The Brooklyn Nets capped a chaotic day off the court on Tuesday with a fitting nightcap on it.
Hours after the dismissal of head coach Steve Nash amid reports that a man suspended for conduct violations would replace him, the Nets blew a late double-digit lead in a 108-99 loss to the Chicago Bulls.
They did so as Kyrie Irving — embroiled in the latest controversy of his own making — failed to score a bucket until the fourth quarter. He finished with four points. It was a stunning yet not-unexpected effort from the embattled Nets star. The chaos surrounding Irving and the Nets appeared to finally creep into his game.
Irving can’t be counted on to make good decisions off the court. He can’t be counted on to show up on it. But when he’s actually there, he can almost always be counted on to produce. A career 23.1 points-per-game scorer, he entered Tuesday averaging 30.1 ppg this season. On Tuesday, he shot 2 for 12 from the field.

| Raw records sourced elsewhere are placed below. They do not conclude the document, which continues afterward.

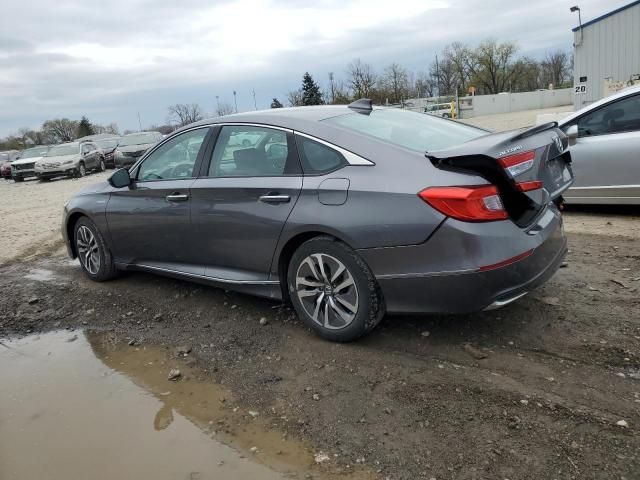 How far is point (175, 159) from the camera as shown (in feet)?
15.3

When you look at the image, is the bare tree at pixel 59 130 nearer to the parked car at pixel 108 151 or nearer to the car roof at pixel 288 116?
the parked car at pixel 108 151

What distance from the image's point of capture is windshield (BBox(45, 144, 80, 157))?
2447cm

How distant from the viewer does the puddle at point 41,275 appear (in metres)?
5.96

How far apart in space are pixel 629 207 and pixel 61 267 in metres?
6.97

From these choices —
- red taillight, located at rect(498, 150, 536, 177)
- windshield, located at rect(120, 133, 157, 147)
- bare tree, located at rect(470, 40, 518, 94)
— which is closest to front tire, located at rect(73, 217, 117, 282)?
red taillight, located at rect(498, 150, 536, 177)

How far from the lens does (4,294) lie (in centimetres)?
554

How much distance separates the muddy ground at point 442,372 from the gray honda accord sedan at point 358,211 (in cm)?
34

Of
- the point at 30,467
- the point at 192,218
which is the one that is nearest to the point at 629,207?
the point at 192,218

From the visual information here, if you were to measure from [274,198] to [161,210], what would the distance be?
1369 millimetres

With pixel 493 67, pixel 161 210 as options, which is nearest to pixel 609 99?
pixel 161 210

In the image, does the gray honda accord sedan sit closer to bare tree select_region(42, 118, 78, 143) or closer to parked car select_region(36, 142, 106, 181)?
parked car select_region(36, 142, 106, 181)

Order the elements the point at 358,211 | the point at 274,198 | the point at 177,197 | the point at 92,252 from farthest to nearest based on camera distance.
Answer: the point at 92,252, the point at 177,197, the point at 274,198, the point at 358,211

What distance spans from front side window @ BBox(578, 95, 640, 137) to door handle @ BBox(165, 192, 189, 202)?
4.76 metres

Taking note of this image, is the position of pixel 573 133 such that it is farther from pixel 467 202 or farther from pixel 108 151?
pixel 108 151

We won’t hear about the root of Irving’s struggles from the source. After he sparked a verbal sparring match with ESPN’s Nick Friedell over his promotion of an antisemitic movie, the Nets hid Irving from media on Tuesday for a second straight day in an effort to “let him simmer down.”
Those are Sean Marks’ words. Here they are, straight from the general manager’s mouth as he explained earlier Tuesday why the Nets were shielding Irving from reporters.

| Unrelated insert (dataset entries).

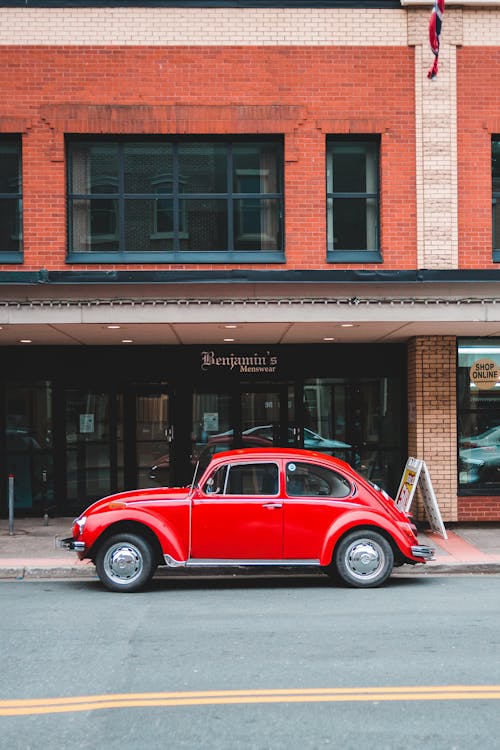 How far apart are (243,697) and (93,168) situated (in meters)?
9.69

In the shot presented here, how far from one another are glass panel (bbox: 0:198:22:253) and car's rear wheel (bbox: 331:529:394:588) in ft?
24.5

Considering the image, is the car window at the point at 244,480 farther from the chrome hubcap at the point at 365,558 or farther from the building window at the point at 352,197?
the building window at the point at 352,197

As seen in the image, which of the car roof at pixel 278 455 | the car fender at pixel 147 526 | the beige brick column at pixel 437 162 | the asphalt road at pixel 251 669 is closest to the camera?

“He did not do media last night, he’s not gonna do media tonight,” Marks said Tuesday afternoon. … “We don’t want to cause more fuss right now with more interaction with people. Let’s let him simmer down and, I guess, let’s let cooler minds prevail.”
When Irving speaks next is unclear. But the state of Nets basketball is not. A Brooklyn franchise with its sights site on competing for multiple championship fell to 2-6 on Tuesday as the on-court product continued to mirror the tumult away from the arena.

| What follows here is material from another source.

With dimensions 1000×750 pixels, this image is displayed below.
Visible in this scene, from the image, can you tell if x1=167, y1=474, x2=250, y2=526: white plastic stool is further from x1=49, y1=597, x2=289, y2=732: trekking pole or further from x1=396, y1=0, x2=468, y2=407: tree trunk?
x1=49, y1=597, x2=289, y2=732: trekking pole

The Nets appeared on track to providing a temporary salve while opening up a 58-52 halftime lead on Tuesday. Irving was scoreless, but Kevin Durant carried the weight en route to a 32-point effort. They extended their halftime edge to 68-56 early in the third quarter and looked on their way to a much-needed win.
But the Bulls hung close through the third and pressed on the gas in the fourth with a 17-2 run. They outscored the Nets, 31-19 in the game’s final stanza as Zach LaVine torched a hapless defense that’s been incapable of stopping almost anyone through eight games. The Bulls All-Star outscored the Nets by himself with 20 fourth-quarter points in a 29-point effort.
Ben Simmons, who was acquired in part to improve Brooklyn’s defense, watched from the bench for a second straight game with what the Nets have described as knee soreness. Not much indicates that he would have been much help regardless. He’s been an offensive liability while averaging 6.2 points on 5.7 field-goal attempts per games with the Nets. Meanwhile Brooklyn’s defense entered Tuesday ranked 29th out of 30 teams in defensive rating through seven games — six of which Simmons played.
If Udoka is indeed the next Nets coach, he’s in for a tough gig.